The UAD Precision Multiband has a preset named Punch and Clarity and I am embarrassed to admit how often I resort to it to help my mixes.


----------



## tokatila

gsilbers @ Mon Sep 15 said:


> what libraries are you using?
> also, have you tried a dynamic EQ?



On my work-in-progress template I have Mural (vol.1) for strings, winds combination of VSL and Spitfire libs, brass Cinebrass Core&Pro.

Dyneq only for bass control, thx for tip. I will try them with other problematic frequencies too.


----------



## tokatila

I mocked-up 12 bars from the score of Powell's HTTYD Romantic Flight and tried to check with Automatching EQ how far my balance is, turns out it had quite many problematic areas. I think I had 3 EQs in a row doing different kind of stuff.

Then...I took them all of, slapped an U-he's excellent Satin tape emulation plugin on the orchestra buss with readymade-preset activated. And just added a bit of air with Maag EQ4 (+7db at 40k).

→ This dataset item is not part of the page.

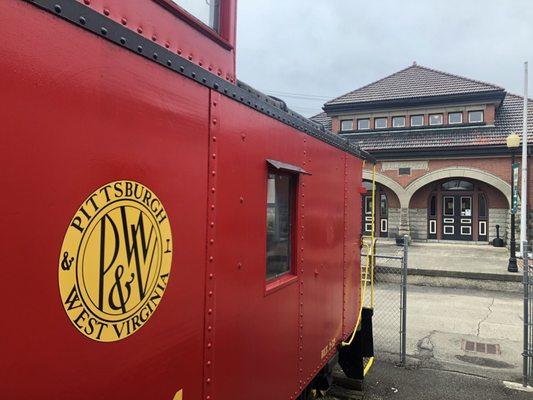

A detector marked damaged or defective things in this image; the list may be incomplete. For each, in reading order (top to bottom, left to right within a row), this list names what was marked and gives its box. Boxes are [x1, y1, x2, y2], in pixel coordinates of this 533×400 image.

pavement crack [474, 296, 494, 338]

And, EQ comparison results below.

And it even sounds pretty decent to my untrained ears (Don't have yet subbass and haven't rolled off the high frequency content). Nothing prolike, but the best amateur-balance I have reached so far.

More is less and Urs Heckmann is the man. o-[][]-o


----------



## JohnG

I don't use Mural (though it sounds great), but I would just suggest two things:

1. Close mics are popular with engineers because they can control the sound better, which they like. I don't like that sound and believe it's very different from the sound that actually hits the main mice in an orchestral recording session. So I use little or no Close.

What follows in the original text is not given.